| What you will do |
Exactly as they appear, retype the lines from the one containing "Sofa Bed Lipat" through the final line of the data below. Leave pictures out.

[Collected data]
◆ ◆ ◆ ◆ ◆

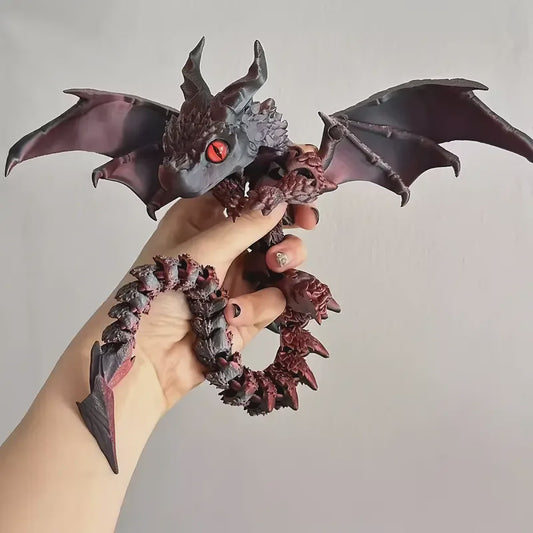 3D Geprinte Vliegende Draak Figuur - Art Deco Stijl Resin Sculptuur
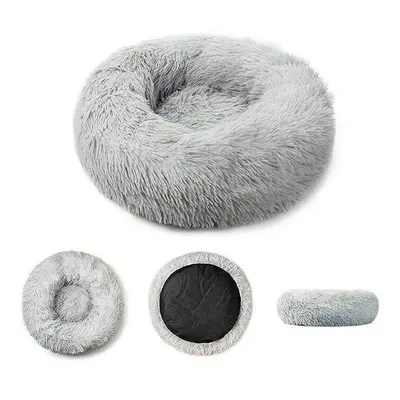 (Light-gray, Medium) Plush Donut Pet Bed Dog Cat Round Nest Puppy Sofa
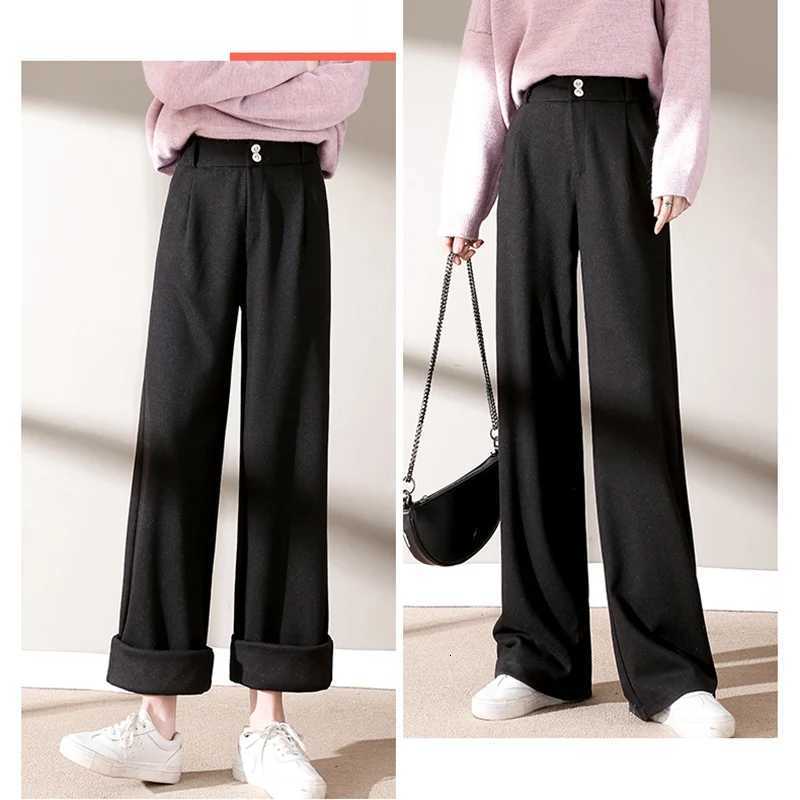 2024 Autumn Winter Women Concise Woolen Pants Lady Wide Leg Designer Outside Trousers Female Thicken High Waisted Draping PantsT251022
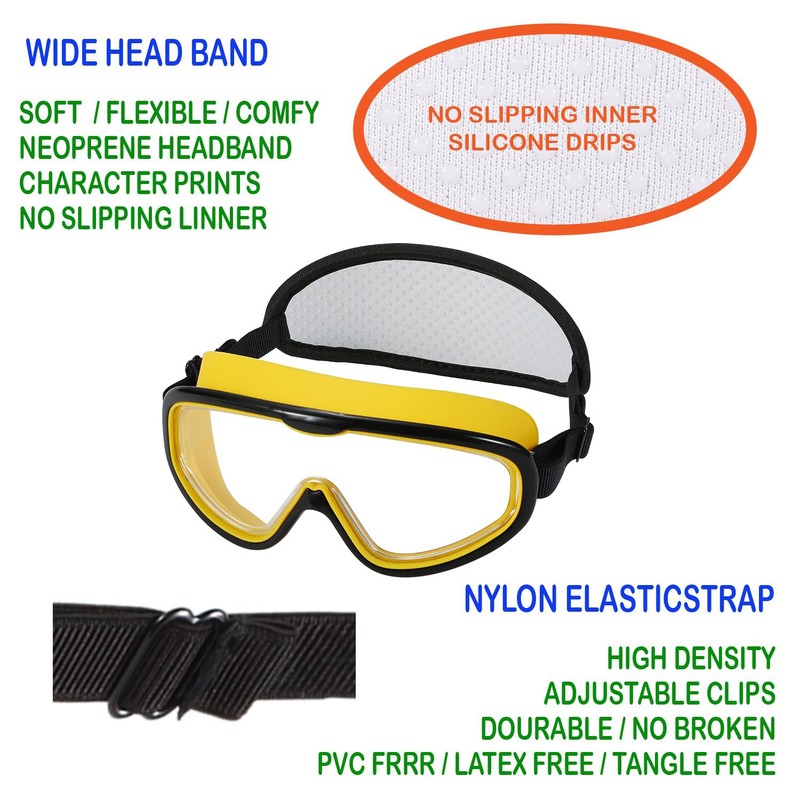 ruigao Kids Swimming Goggles Fabric Strap Age 4-7, Toddler Goggles
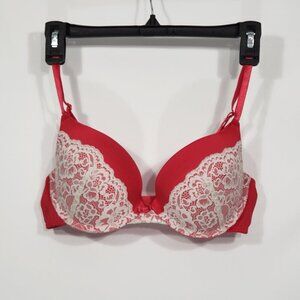 "M" Brand Orange Padded Underwire Bra with white lace Size 34C adjustable straps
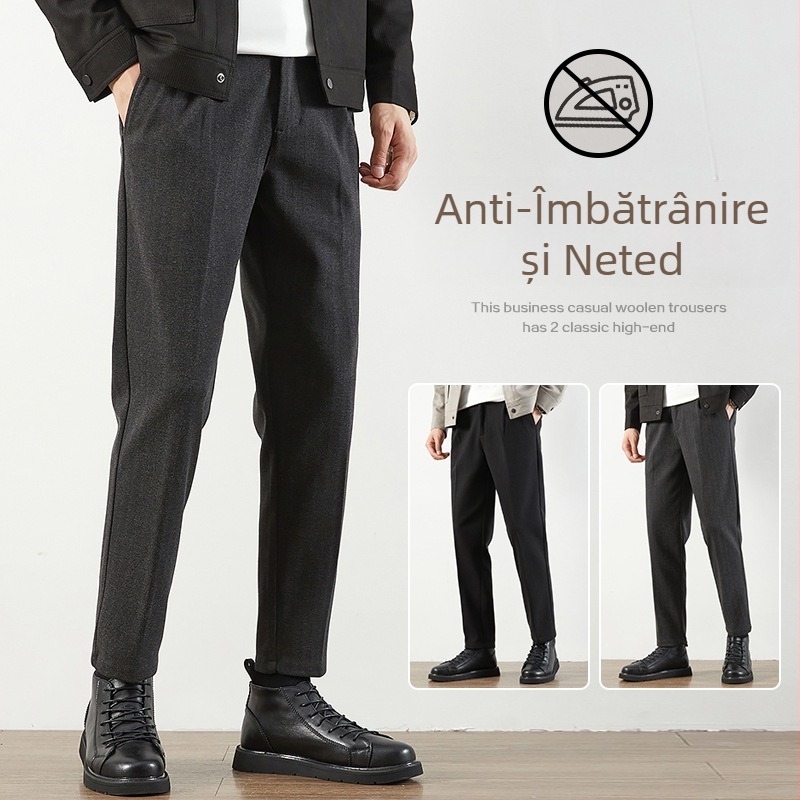 Pantaloni bărbați drepti, amestec bumbac-poliester, talie medie, fermoar, stil business casual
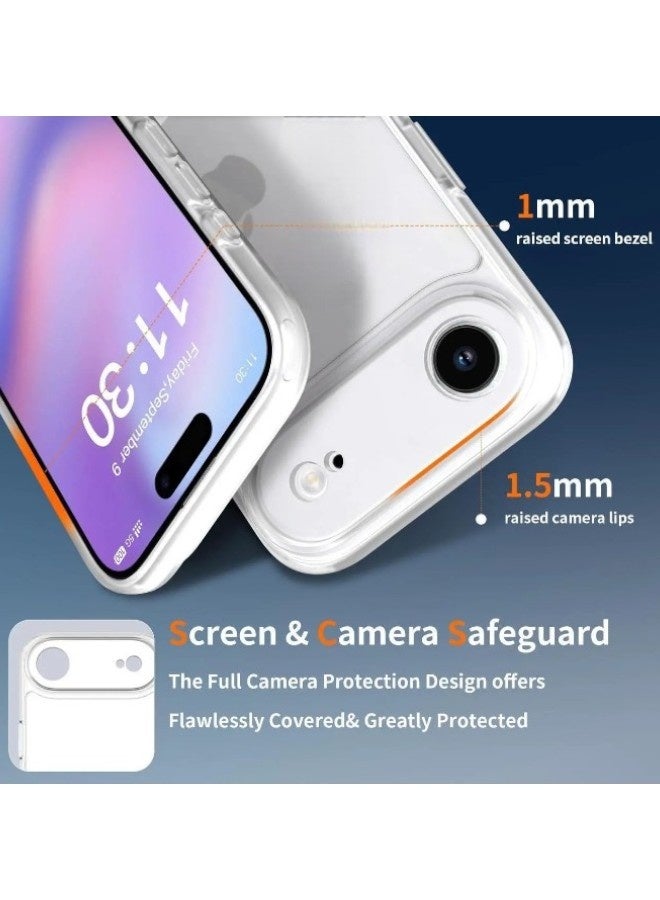 جراب موبايل آيفون 17 اير (iPhone 17 Air) مضاد للصدمات, غطاء حماية مضاد للخدش يدعم الشحن اللاسلكي ماج سيف, مصنوع من البولي يورثين الحراري عالي الجودة - شفاف - Image 3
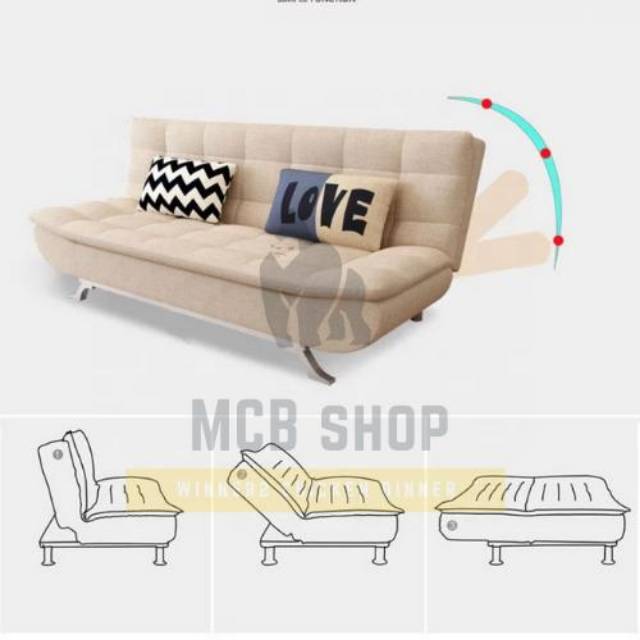Sofa Bed Lipat Beludru Kain Kulit Oscar ungu merah Dll gratis ongkir plus 2 bantal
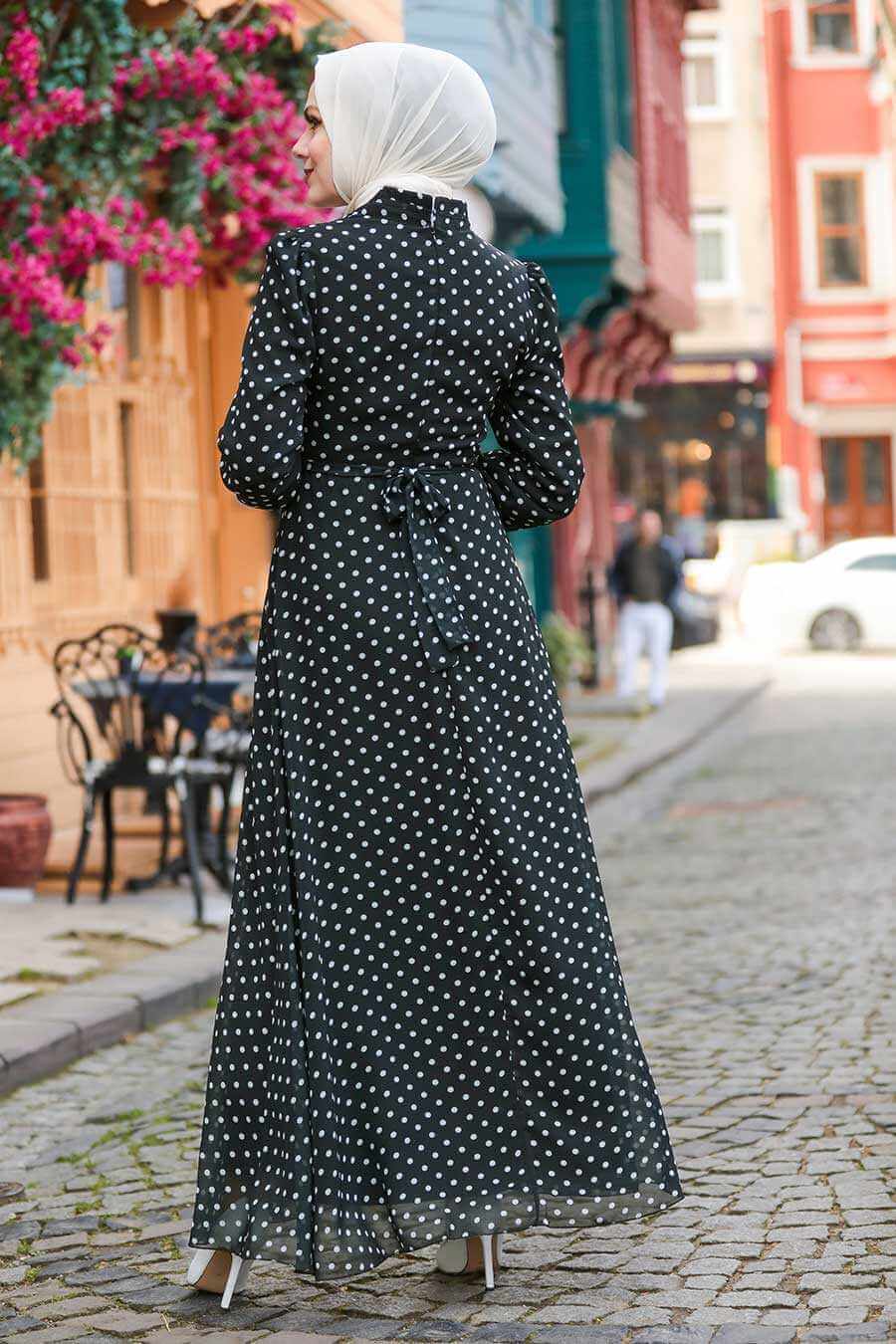 Modest Flare Polka Dot Dress - Black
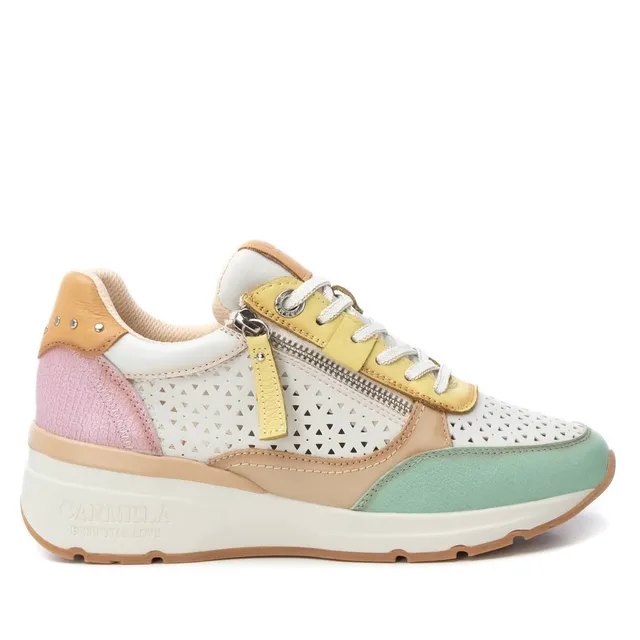 Carmela 16228105 basket cuir vert zip ajourée
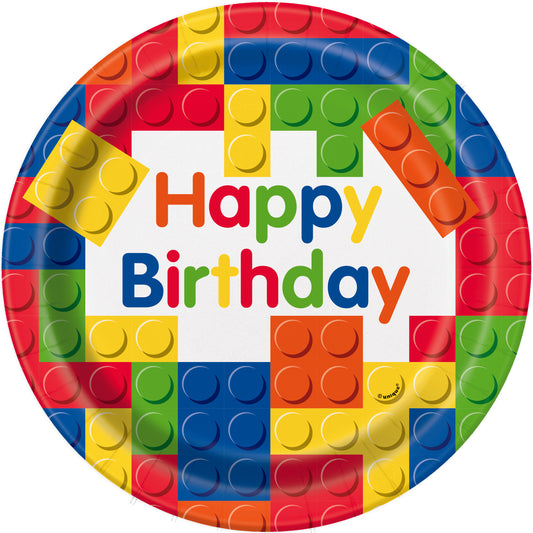 Building Blocks Birthday Round 9" Dinner Plates, 8-pc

◆ ◆ ◆ ◆ ◆

| Task response |
Sofa Bed Lipat Beludru Kain Kulit Oscar ungu merah Dll gratis ongkir plus 2 bantal
 Modest Flare Polka Dot Dress - Black
 Carmela 16228105 basket cuir vert zip ajourée
 Building Blocks Birthday Round 9" Dinner Plates, 8-pc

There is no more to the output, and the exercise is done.